The film actually focussed on Sanne, in the last few weeks of her life. It’s about her preparing herself, preparing her house, for her death. She’s cleaning everything up, she’s making some last arrangements. It’s about saying goodbye to life. She visits her grandma’s grave for the last time with Hubert. It really is about letting go. There are a lot of interviews in the film between Sanne and I, and we talk a lot about why she wants to do it, if she’s really sure she wants to do it, and about what happened previously in her life.

Even though you agreed to support her decision, it must have been so traumatic to go through that, to help your child prepare to die. How did you handle that process?

Jansen: When she told me she was going to do this, she became more peaceful. She didn’t have any more depression, it was good. It was also good that she understood that I respected her decision, and that helped her a lot.
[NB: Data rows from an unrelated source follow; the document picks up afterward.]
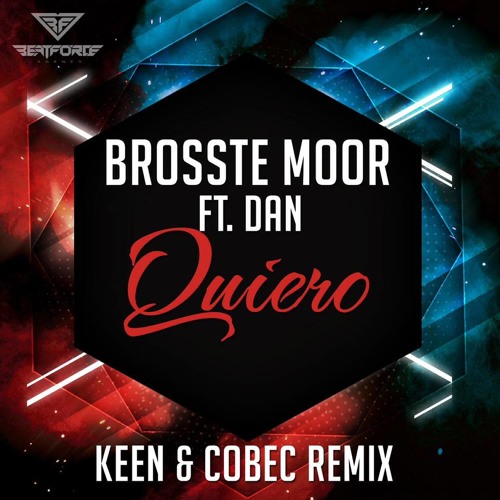 Brosste Moor Ft DAN - Quiero (Keen & Cobec Mix)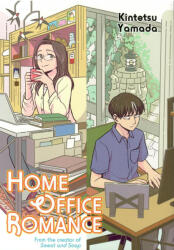 Kintetsu Yamada: Home Office Romance (ISBN: 9798888772928)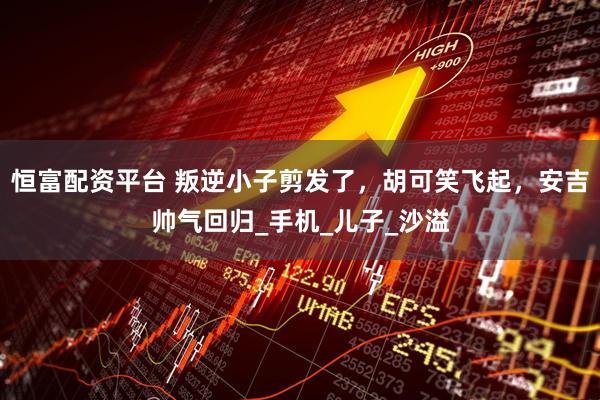 恒富配资平台 叛逆小子剪发了，胡可笑飞起，安吉帅气回归_手机_儿子_沙溢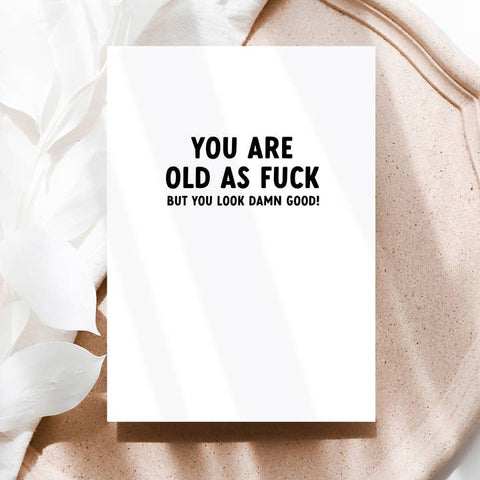 You Are Old As Fuck But You Look Damn Good Card - Greeting Card - Creativien Studio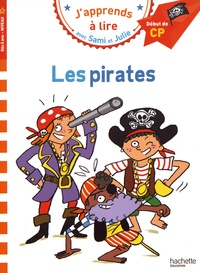Thérèse Bonté - J'apprends à lire avec Sami et Julie  : Les pirates - Début de CP, niveau 1.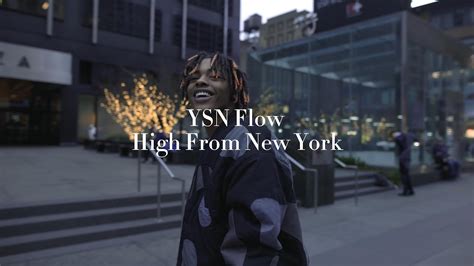 Ysn Flow High From New York Official Music Video Youtube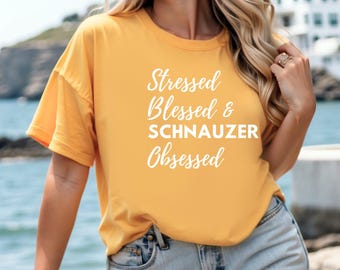 Schnauzer Obsessed Shirt, Blessed Stressed TShirt for Women or Men, Schnauzer Mom Schnauzer Dad, Rescue Animal Gift, Dog Owner Gifts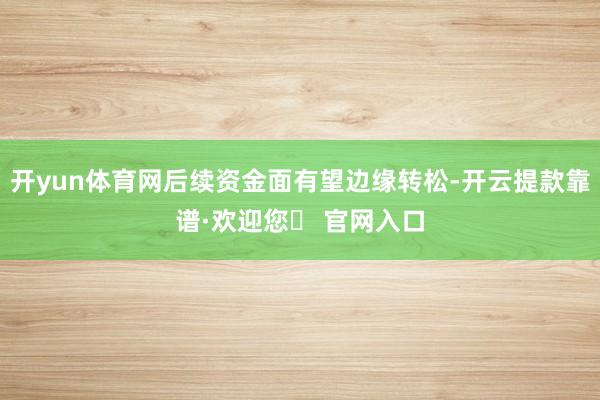 开yun体育网后续资金面有望边缘转松-开云提款靠谱·欢迎您✅ 官网入口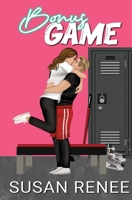 Bonus Game: Illustrated Special Edition 1964930057 Book Cover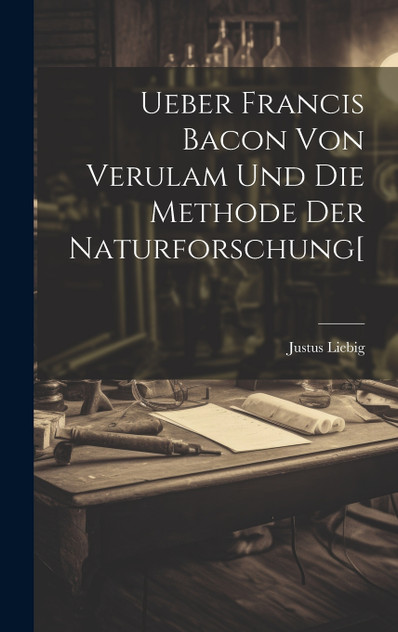 Ueber Francis Bacon Von Verulam Und Die Methode Der Naturforschung[ Ueber Francis Bacon Von Verulam Und Die Methode Der Naturforschung[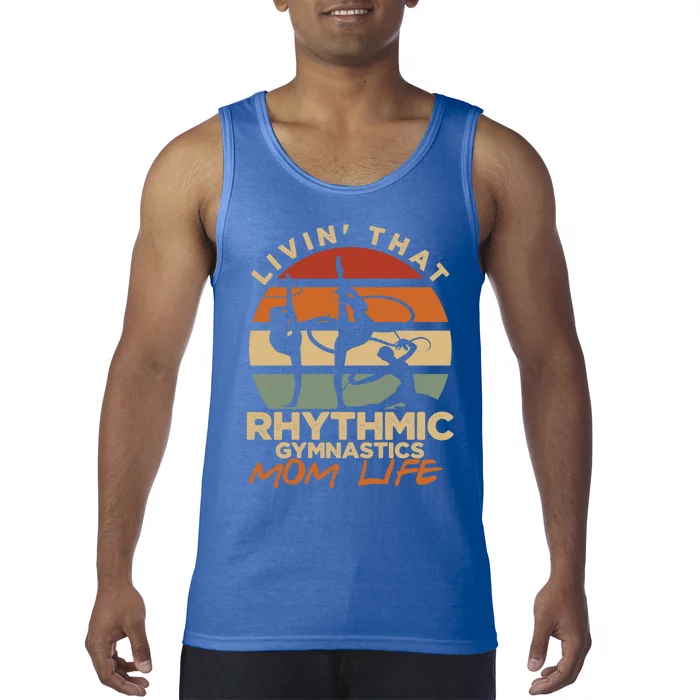 Livin That Rhythmic Gymnastics Mom Life Artistic Gymnast Cool Gift Tank Top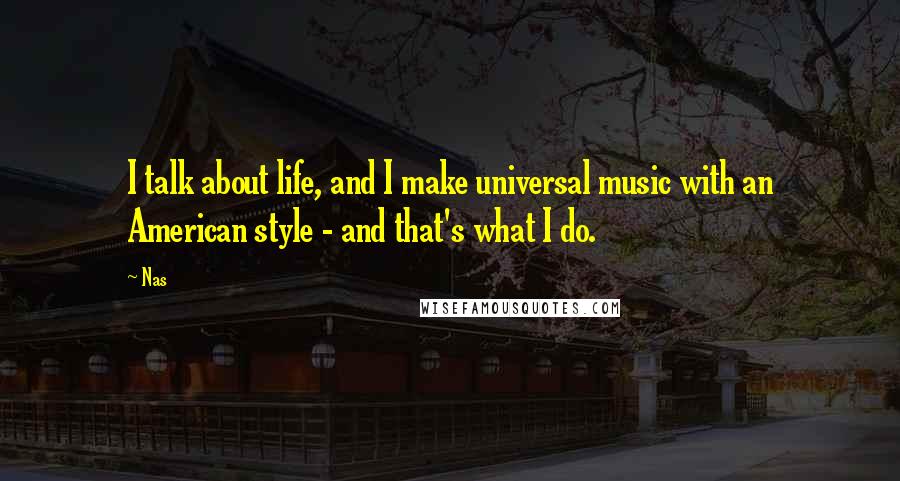 Nas Quotes: I talk about life, and I make universal music with an American style - and that's what I do.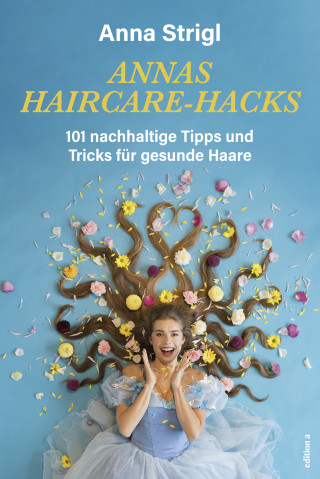 Anna Strigl: Annas Haircare-Hacks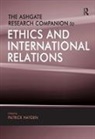 Patrick Hayden, Patrick Hayden, Professor Patrick Hayden - Ashgate Research Companion to Ethics and International Relations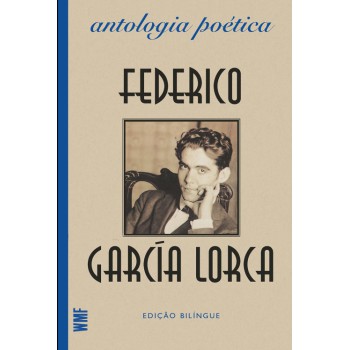 Antologia Poética: Federico Garcia Lorca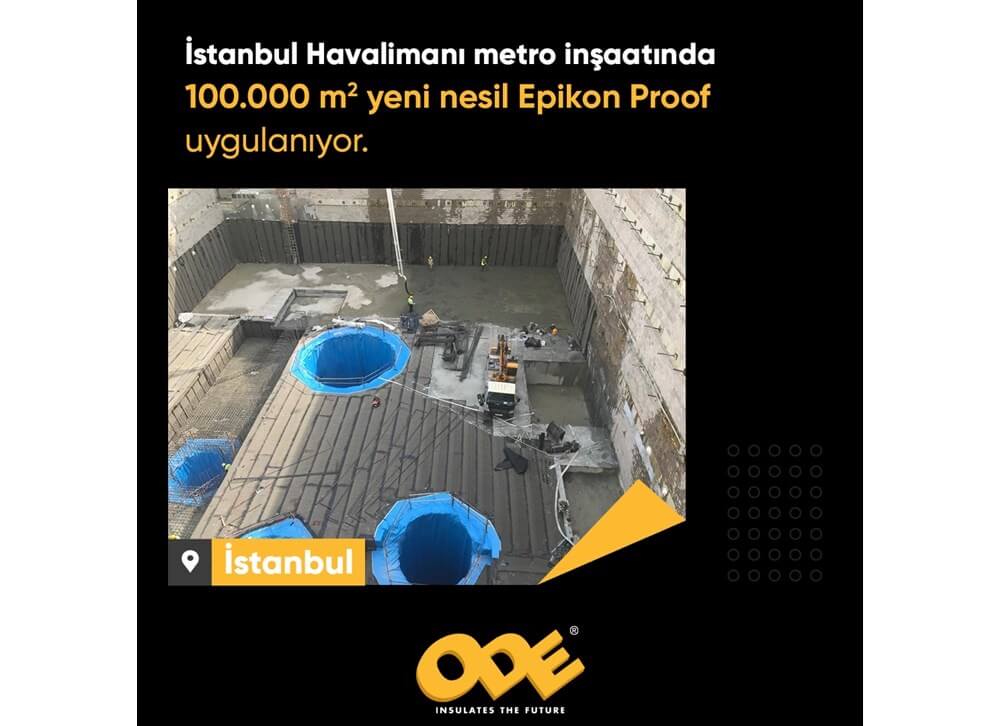ODE Yalıtım Ürünleri İstanbul Havalimanı’nın Metro İnşaatında Kullanılıyor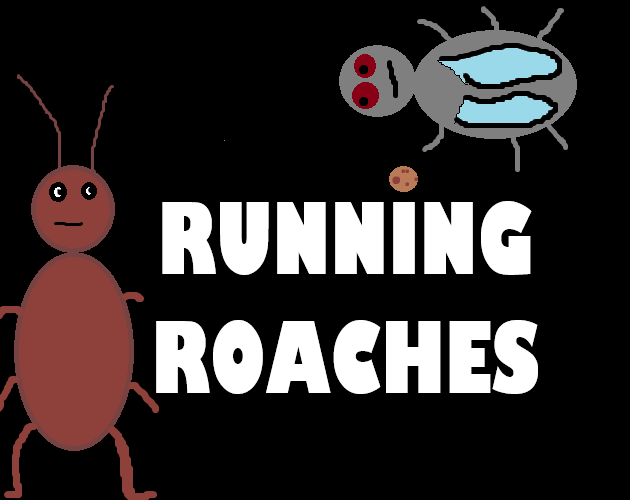 Running Roaches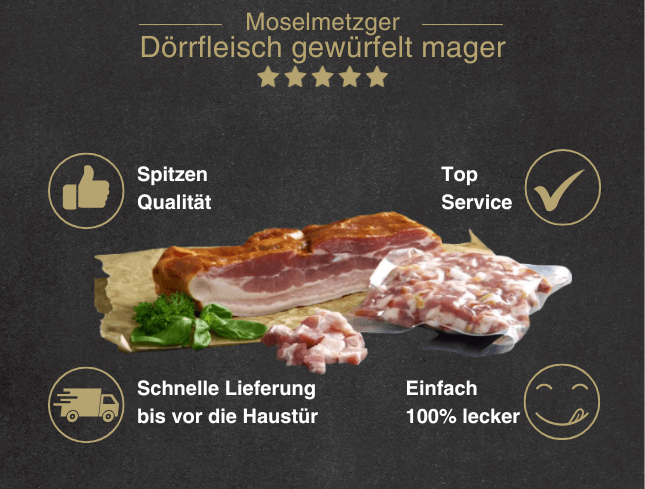 Erklärung warum Dörrfleisch Würfeln mager gut ist 1. Spitzen Qualität 2. Top Service 3. Schnelle Lieferung bis vor die Haustür 4. Einfach 100% lecker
Faber: He respected her choice, and that made her decision easier. But even if he didn’t support her decision she would have done it anyway.

Jansen: I was worried that if I didn’t support her she would want to do it on an autoroute. This way she could speak with her friends and with her family, otherwise she would have had to go within herself to make the decision to jump or… It would have been more difficult for her, and instead it was respectful.

So for you it was about making sure she wasn’t alone in that process?

Faber: That’s it. She would have done it anyway, but now she didn’t have to do it alone, she could talk with people. Normally with a suicide people don’t know that it’s going to happen, so somebody dies and you leave a lot of people behind with a lot of questions. Because Sanne spoke to her father and her friends about it, they had a chance to ask their questions before she died.

Jansen: Her friends all asked, “can we do something for you, can we help you to make it better?” But there was no way. For her, she was done.

When you don’t know it’s coming, you’re always left with many questions. “Could I have?” “Why?” “Was there a possibility to do something?” Now for me there are none of those questions. She was ready to die.

Is there anything else you’d like to add?

Jansen: I want to say that when you make the decision to kill yourself, do it in a humane way and like Sanne, talk with your family or friends. In Sanne’s last week, her life was good. Her life was good in the end.